Whether you own individual small cap stocks, or funds like the Russell 2000, it’s important that you understand the relative value of this asset class today. And also understand what’s contributing to small cap outperformance.
The S&P Small Cap 600 Index currently trades with a forward PE of 17.7 according to data from Yardeni research. This is the most expensive the index has been since early 2010. It’s also roughly 13% higher than the index’s average valuation over the past decade.
To be fair, rising valuations isn’t a small-cap specific phenomenon. The S&P 500 is also trading at a premium valuation – a forward PE of 14.2 – not seen since early 2010. This index is also trading more than 10% above its recent historical average.
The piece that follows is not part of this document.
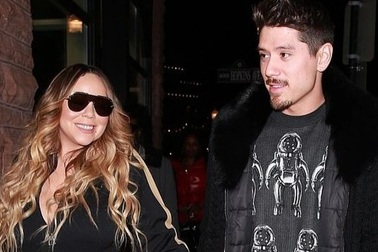 Mariah Carey đón giáng sinh bên bạn trai kém 13 tuổi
These premium valuations are the result of a stock market that has climbed steadily throughout all of 2013. The S&P 600 Small Cap Index has surged 31% over the past 12 months, surpassing handsome gains in both mid caps and large caps (see chart below).
Small Cap Stocks Lead
As a result of the recent gains and premium valuations, investors are desperately trying to figure out if it’s time to take a little money off the table. As Kenny Rogers sang in The Gambler, “You’ve got to know when to hold ‘em, and know when to fold ‘em”.
My answer is simple: continue to buy and hold top quality stocks.
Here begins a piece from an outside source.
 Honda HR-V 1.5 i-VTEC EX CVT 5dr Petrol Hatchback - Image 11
One of the factors powering small-cap stocks is their higher growth potential vis-à-vis large caps. This is clearly seen in forward earnings estimates. In 2014 analysts expect small caps will grow operating earnings by 21%, whereas the consensus growth expectation for large caps is just 11.3%. More rapid growth justifies a higher valuation.
One favorable trend helping to power this growth in small companies is the U.S. economy. While we hear a lot about problems in the U.S., the country is actually doing quite well, especially compared to Europe.
Funds like as the iShares Russell 2000 ETF (NYSE:IWM) are one way to bet on U.S. growth since over 90% of holdings have a domestic focus. And I’ve been continually impressed with the consistent domestic growth opportunities pursued by many of the small caps that I cover.
I’m also encouraged by the strength in small caps despite the threat of rising interest rates. Small companies that borrow money through lines of credit, or by issuing bonds, tend to feel the pinch more than large companies do when rates go up.
But many small companies have healthy balance sheets that can stand up to moderately higher interest rates. And as I wrote last week, I believe that the Fed will only raise rates if it sees an economy that is strong enough to handle it.
Now don’t get me wrong…I’m not just another stock market cheerleader. And I’m not saying there isn’t potential for a correction in small caps. Given the overall strength in the market, the prolonged rally, and valuations nearing the high end of a “normal” range, a correction is overdue. A healthy market needs corrections and periods of consolidation.
But given what we know now, I expect that any correction will be a buying opportunity. The real pain will come if and when small caps stop performing on the metrics that matter, like revenue and earnings growth.
Right now still appears to be a good time to be invested in high growth small cap stocks. And those that trade at attractive valuations – despite previous stock market gains – will continue to offer investors the greatest upside.
I recommend you look for companies with very specific catalysts working in their favor, such as earnings and revenue growth, new product introductions, expanding market share and top-notch additions to management.
In the land of small cap stocks, companies with positive catalysts such as these continue to find growth opportunities and will continue to reward shareholders.